In the autumn of 2022, Etherium is expected to switch to the Proof-of-Stake algorithm. And for many, the question of what to mine after Ethereum has become pressing.

The upgrade should solve the protocol’s key problems – lower fees, faster transactions and a more stable chain. It will not be possible to mine the cryptocurrency. However, holders of the asset will be able to earn by locking coins into the PoS protocol. Ethereum can be leaked now. To do so, 32 ETH need to be blocked. Users with small capital can use the services of stacking platforms. For example, Binance offers stacking from 0.0001 ETH. Miners, on the other hand, can switch to another coin on Ethash (Ethereum Classic, Dubaicoin). Another option is to switch to one of the popular algorithms (CryptoNight, SHA256).

This article will tell you what to mine after the transition of ether to PoS. According to 2CryptoCalc, Ethereum Classic, Ravencoin, Conflux are the most profitable in 2022.

  1. What will happen to Etherium after the switch to PoS
  2. Types of existing algorithms
  3. What can be mined after Ethereum
  4. Ravencoin
  5. ETC
  6. ERGO
  7. Firo
  8. Cortex
  9. TON
  10. Aeternity
  11. Ethereum PoW

What will happen to Etherium after the switch to PoS

The algorithm change is scheduled for September-October 2022. The developers have been working towards this for more than 7 years. The idea of moving ETH to Proof-of-Stake was first announced in 2015. Vitalik Buterin hoped to increase the speed of transactions, reduce fees, power consumption and carbon dioxide emissions by changing the algorithm. The transition to PoS will also entail other changes in the Ethereum ecosystem:

  • Launching more nodes and, as a consequence, increasing decentralisation of the blockchain. However, this may be difficult to achieve due to the high entry threshold (32 ETH). Therefore, experts expect an increase in the centralisation of the network in the first phase. The long-term effects of the PoS transition are still difficult to predict.
  • Increased transaction speed. Among other benefits, it will simplify the creation, testing and hosting of dApps.
  • Separating a single database and storing it as multiple sets of information. Sharding will increase transaction speed by a factor of 64.
  • Increasing the risk of a “51% attack”. According to experts, in PoS, it is enough for hackers to possess a large amount of cryptocurrency to gain control of the blockchain. If resources are available, it is less time-consuming than in Proof-of-Work.
  • Network security risk. In PoS, there is the potential for abuse by validators. There are penalties for transferring a bad block into the network – a participant will lose all blocked coins (at current exchange rates of $49k for 32 ETH). This should make the network more secure, but does not rule out collusion among a group of validators. Lido DAO, for example, owns 33% of ETH 2.0 coins and allows investors to participate in stacking with any amount. However, the top 100 holders of the asset own 93.1% of the company’s offering, suggesting centralisation among the validators of Ethereum.

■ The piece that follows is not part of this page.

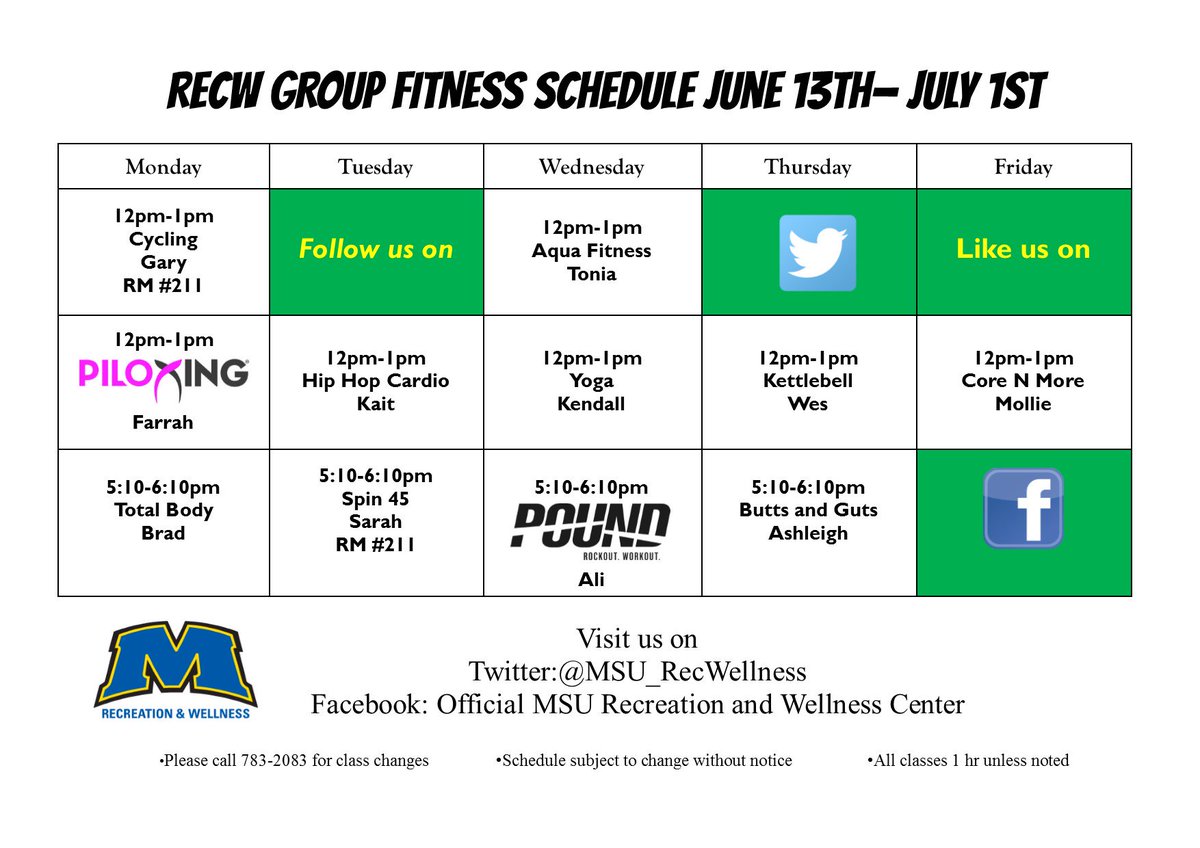 MSU_RecWellness's tweet photo. MSU RECW Group Fitness: June 13th - July 1st. Hope to see you in class! https://t.co/oEpZjTY78m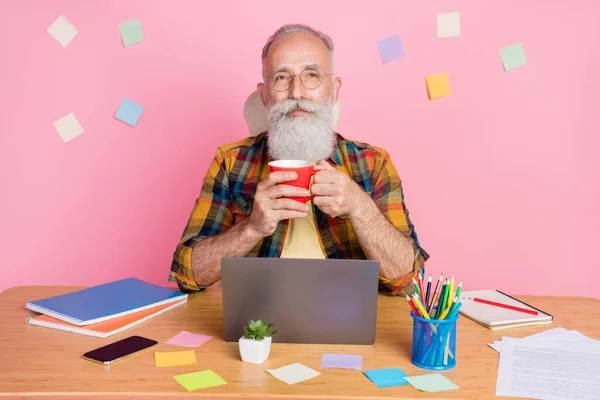 Portrait de séduisant homme âgé retraité aux cheveux gris apprenant rédacteur buvant du thé étudiant isolé sur fond rose couleur pastel — Photo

Experts fear that the network’s decentralisation will be hindered by low stacking yields and long coin lock-ups. Investors will not be able to withdraw tokens until the new and old networks are fully merged. It is estimated that this could take up to 1.5 years.

Returns on locked-in assets on the Ethereum 2.0 network will be in the range of 1.5-15% per annum. According to blockchain developer Justin Drake, the average return on ETH stacking would be 5% per year. The low returns will be offset by the reliability of the coin and possible rate hikes.

In addition, Layer 2 networks and competing protocols (Polygon, Near) are growing in popularity due to bandwidth issues with Ethereum 1.0. Analysts believe that changes to the blockchain will allow Ethereum to reach the next level.

ETH stacking statistics for September 2022

Types of existing algorithms

According to 2CryptoCalc, Ethereum is the most popular asset for mining in 2022. The asset is mined using the rules of Ethash (a refined version of DaggerHashimoto). Due to the need to process large amounts of data (in September 2022, the DAG file size is 5.0156GB), the algorithm requires a large amount of video memory.

Nvidia RTX 3080 Etherium mining revenue in September 2022

Ethash is also used by other popular cryptocurrencies, including:

  • Ethereum Classic (ETC)
  • Ellaism (ELLA)
  • Dubaicoin (DBIX)
  • Callisto (CLO)

In September 2022, the digital marketplace brings together more than 20,000 assets. The table shows the main cryptocurrency algorithms. These mechanisms are used by most coins.

ALGORITHMDATE OF CREATION (YEAR)COMMENT
SHA2562008The first blockchain consensus mechanism is used for Bitcoin, Terracoin, BitcoinCash. SHA256 is demanding on hardware speed, video memory is not important.
CryptoNight2012This protocol is used to mine anonymous cryptocurrencies (Haven, DigitalNote, Electroneum, Bytecoin). Video cards and processors with high-speed cache are used for mining. This increases the decentralisation of the network.
Equihash2016Equihash puts a heavy load on the video memory and GPU. ZCash, Bitcoin Private and Bitgem run on Equihash.
Scrypt2011The protocol also puts a strain on memory, so it is only profitable to mine on asics. The algorithm is used in Litecoin, Mooncoin.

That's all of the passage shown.